Sign Language Video Synthesis using Skeleton Sequence


Gencoglu S., Keles H. Y.

28th Signal Processing and Communications Applications Conference (SIU), ELECTR NETWORK, 5 - 07 Ekim 2020, (Tam Metin Bildiri) identifier identifier

  • Yayın Türü: Bildiri / Tam Metin Bildiri
  • Doi Numarası: 10.1109/siu49456.2020.9302436
  • Basıldığı Ülke: ELECTR NETWORK
  • Anahtar Kelimeler: Generative adversarial networks, conditional generative adversarial networks, convolutional neural networks, video to video synthesis
  • Ankara Üniversitesi Adresli: Evet

Özet

Generative Adversarial Networks (GANs) enable generating realistic synthetic images. However, majority of the research in this domain focus on image-to-image synthesis problem.

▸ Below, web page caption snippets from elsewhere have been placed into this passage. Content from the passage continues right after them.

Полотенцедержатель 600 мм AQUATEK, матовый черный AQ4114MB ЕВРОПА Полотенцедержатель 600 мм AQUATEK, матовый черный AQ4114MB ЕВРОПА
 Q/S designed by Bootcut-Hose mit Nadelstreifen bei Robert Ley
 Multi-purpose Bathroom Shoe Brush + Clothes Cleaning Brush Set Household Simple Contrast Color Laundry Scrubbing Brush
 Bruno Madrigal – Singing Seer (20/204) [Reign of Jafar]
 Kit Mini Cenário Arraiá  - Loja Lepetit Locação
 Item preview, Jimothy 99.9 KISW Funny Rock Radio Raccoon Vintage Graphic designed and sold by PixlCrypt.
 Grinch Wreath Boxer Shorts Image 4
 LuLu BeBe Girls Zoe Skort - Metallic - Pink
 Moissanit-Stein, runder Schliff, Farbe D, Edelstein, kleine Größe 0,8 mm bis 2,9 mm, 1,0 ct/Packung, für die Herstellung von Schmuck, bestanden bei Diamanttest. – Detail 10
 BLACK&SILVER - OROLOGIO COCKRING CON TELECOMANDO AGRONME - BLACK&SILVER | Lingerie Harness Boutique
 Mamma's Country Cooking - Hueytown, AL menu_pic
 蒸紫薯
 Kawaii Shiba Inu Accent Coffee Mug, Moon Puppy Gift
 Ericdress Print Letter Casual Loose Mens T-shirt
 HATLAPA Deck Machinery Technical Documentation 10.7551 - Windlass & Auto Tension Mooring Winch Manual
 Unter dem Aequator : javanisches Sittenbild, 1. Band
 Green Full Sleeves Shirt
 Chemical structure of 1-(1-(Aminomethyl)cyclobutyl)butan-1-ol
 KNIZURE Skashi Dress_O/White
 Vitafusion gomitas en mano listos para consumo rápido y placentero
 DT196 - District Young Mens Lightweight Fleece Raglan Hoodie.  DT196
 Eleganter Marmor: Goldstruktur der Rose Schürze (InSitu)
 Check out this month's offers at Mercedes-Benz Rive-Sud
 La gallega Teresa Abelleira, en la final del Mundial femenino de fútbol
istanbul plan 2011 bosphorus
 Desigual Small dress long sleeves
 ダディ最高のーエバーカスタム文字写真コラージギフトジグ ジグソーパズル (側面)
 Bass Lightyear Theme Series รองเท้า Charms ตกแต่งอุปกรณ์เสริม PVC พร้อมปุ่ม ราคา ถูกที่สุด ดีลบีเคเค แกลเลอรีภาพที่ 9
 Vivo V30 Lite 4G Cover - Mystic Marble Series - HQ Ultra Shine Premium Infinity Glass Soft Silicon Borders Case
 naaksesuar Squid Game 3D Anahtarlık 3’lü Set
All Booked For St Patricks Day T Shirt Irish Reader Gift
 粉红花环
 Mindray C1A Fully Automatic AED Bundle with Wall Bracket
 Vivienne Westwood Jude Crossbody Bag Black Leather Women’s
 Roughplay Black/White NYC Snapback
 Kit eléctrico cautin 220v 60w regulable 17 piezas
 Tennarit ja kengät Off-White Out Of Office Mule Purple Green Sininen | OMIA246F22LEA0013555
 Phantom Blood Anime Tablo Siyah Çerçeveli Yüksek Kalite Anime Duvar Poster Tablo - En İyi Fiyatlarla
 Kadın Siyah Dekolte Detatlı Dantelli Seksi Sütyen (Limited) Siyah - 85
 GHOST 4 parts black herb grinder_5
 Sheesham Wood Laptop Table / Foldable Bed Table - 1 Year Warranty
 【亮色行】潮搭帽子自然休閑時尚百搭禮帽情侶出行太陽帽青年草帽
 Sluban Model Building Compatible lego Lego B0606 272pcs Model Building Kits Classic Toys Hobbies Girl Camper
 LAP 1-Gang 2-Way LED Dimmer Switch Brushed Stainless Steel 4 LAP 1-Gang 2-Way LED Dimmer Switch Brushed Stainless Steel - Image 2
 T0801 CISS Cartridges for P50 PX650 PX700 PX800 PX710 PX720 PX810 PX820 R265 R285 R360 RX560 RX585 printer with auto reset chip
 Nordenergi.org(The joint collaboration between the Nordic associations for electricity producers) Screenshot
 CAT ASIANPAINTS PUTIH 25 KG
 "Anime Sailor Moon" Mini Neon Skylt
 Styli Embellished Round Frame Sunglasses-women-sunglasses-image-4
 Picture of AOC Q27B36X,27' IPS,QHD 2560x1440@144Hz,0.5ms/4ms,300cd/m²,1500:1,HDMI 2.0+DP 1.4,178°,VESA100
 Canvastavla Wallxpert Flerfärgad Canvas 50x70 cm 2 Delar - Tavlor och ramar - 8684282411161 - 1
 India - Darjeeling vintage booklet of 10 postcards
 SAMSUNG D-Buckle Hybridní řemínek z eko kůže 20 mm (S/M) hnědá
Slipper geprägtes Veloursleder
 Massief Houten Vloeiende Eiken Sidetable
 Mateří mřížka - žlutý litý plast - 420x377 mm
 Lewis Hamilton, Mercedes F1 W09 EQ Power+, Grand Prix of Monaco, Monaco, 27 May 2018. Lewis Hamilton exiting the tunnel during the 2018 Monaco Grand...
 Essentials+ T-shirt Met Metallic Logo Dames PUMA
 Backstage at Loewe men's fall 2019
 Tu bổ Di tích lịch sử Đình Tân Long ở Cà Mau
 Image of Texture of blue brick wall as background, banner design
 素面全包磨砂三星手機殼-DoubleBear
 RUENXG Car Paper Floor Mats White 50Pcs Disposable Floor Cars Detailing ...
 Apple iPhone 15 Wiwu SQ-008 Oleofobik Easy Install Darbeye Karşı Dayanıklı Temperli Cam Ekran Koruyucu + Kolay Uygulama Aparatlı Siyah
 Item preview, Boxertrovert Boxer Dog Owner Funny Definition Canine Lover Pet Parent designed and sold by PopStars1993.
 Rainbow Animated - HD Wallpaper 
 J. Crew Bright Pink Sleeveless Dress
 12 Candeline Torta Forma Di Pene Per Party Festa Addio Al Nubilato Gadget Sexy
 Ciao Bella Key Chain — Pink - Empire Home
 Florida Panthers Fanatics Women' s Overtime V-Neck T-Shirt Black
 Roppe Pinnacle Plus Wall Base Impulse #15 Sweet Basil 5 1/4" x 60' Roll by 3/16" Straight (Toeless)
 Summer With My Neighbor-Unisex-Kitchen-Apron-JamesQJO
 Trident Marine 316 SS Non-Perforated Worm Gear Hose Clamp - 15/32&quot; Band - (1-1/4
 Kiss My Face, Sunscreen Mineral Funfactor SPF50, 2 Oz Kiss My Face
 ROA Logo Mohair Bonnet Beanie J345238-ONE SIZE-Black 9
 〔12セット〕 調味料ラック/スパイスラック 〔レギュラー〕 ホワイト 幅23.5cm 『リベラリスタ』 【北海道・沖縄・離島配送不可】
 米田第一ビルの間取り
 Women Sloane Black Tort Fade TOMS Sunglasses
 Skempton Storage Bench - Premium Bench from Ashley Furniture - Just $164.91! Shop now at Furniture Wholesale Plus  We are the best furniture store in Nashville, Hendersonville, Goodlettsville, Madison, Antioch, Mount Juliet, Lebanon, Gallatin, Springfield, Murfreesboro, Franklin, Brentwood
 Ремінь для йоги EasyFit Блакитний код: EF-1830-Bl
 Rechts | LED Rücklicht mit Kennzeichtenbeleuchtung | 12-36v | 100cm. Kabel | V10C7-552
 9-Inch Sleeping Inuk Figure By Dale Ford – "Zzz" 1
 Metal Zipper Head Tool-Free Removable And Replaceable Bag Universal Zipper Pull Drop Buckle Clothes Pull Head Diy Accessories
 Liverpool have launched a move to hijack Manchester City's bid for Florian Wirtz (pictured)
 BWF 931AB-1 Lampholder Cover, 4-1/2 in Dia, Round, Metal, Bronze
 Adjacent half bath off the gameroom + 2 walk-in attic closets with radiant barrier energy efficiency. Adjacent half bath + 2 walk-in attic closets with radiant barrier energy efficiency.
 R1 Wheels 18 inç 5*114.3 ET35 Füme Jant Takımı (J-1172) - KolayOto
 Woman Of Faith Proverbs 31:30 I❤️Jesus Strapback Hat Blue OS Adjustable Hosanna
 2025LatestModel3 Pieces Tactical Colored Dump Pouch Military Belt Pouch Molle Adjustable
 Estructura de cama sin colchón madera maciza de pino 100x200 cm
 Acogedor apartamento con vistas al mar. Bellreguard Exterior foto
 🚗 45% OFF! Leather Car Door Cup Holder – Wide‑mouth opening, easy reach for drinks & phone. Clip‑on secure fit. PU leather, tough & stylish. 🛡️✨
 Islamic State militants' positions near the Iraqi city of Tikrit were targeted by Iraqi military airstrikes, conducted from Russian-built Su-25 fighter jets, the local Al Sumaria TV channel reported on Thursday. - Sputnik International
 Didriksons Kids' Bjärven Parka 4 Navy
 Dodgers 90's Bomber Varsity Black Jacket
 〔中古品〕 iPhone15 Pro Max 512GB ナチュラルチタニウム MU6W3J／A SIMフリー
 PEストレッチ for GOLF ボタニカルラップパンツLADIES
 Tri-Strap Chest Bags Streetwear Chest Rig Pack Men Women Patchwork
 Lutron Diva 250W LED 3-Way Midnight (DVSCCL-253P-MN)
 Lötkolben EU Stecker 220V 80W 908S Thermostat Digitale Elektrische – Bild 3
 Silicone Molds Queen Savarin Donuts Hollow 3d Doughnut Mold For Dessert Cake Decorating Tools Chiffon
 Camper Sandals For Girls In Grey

The aim of this study is to develop a model that encodes high quality video frames, with true motion dynamics, using only a reference image frame and a skeleton sequence. In this context, Ankara University Turkish Sign Language dataset is used to synthesize new sign videos using a given signer frame as a reference and a skeleton stream. To solve this challenging problem, a conditional generative adversarial network (GAN) is designed, where skeletal data is used as a condition. Using the trained model, we are able to generate sign video streams with the given signer, where the motion dynamics are successfully and fluently encoded in the video. Moreover, we evaluated the quality of the generated images using Frechet Inception Distance (FID) metric; the FID score is 26.